George Floyd backlash: The culture wars and the street wars
Indiscriminate property damage and looting descended on some 140 cities across the US in the aftermath of the death of George Floyd while in police custody. Business owners, workers and customers in minority neighbourhoods were hard hit. And in the years to come they will pay the steepest price for the unchecked violence done by rampaging mobs claiming to represent them.
To be clear, the near universal outrage over the video of Floyd’s death, expressed by an overwhelmingly non-violent majority of demonstrators, is the lawful exercise of free speech and the right to assemble. This is central to what it means to be an American and to reaching peace and reconciliation.

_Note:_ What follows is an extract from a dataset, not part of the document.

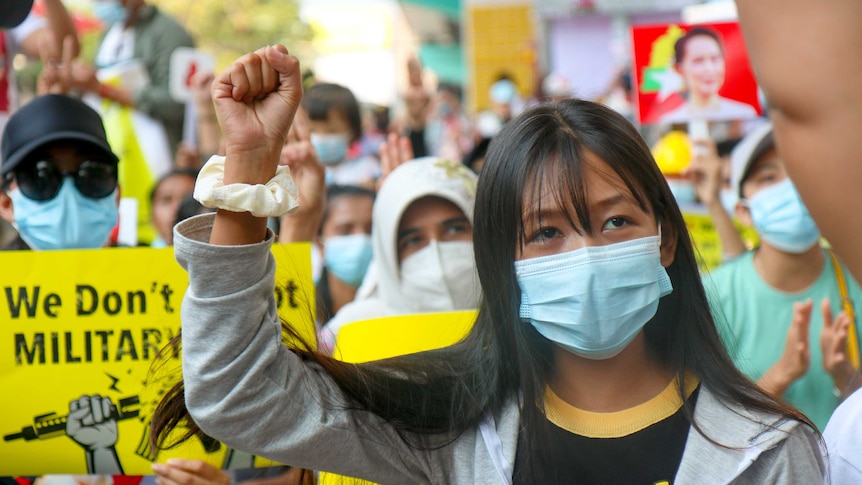 A woman with black hair and wearing a mask and jumper holds her fist in the air surrounded by a crowd of protesters.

Violence is another matter entirely. There is evidence that it has been instigated by organised militants trained to leap into action when opportunities present themselves. While they don’t represent the majority of protesters, they use them as shields.

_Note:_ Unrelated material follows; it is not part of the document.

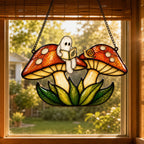 Two Ghosts on Red Mushrooms holographic suncatcher with sunlight passing through the acrylic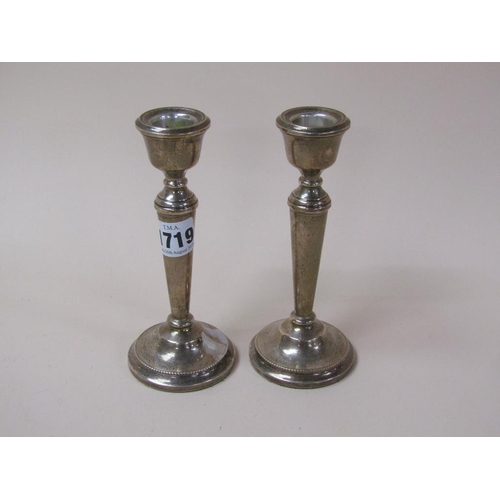 1719 - PAIR OF SILVER CASED CANDLESTICKS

What is more, their brutal aggression is politically effective and only mildly condemned. One reason, I would venture, is that they are the mailed fist of a broader movement that has infected academia, the media, popular culture and politics with the notion that Western traditions are oppressive and should be destroyed.
This is not new. For the Italian communist Antonio Gramsci, Judeo-Christian values explained the failure of Marxism to catch on in Europe during the early 20th century. He advocated a gradual process of undermining Western civilisation in all aspects of the culture.
The recent collapse of public order in Santiago, Chile, in October is instructive. It was also instigated by extreme political groups taking advantage of legal marches. But the parallels don’t end there.
Chilean elites explained away the violence from the safety of their comfortable enclaves while vulnerable communities were crushed. Law enforcement failed to act promptly, letting a wildfire of terrorism tear through the country.
Hard-working Chileans have been left to try to pick up their lives amid the smouldering wreckage. Meanwhile the elected government has bowed to the demands of the aggressors. That, by far, is the scariest part of the story.
Politics by violence and intimidation in working-class neighbourhoods aims to exacerbate social tensions. Thus it is no accident that the war against the system targets precarious lives.
Take what happened in Denver last week. Fox 8 reported on June 1 that “dozens of businesses” in that city were “picking up the pieces after rioters tagged and vandalised their restaurants over the weekend”.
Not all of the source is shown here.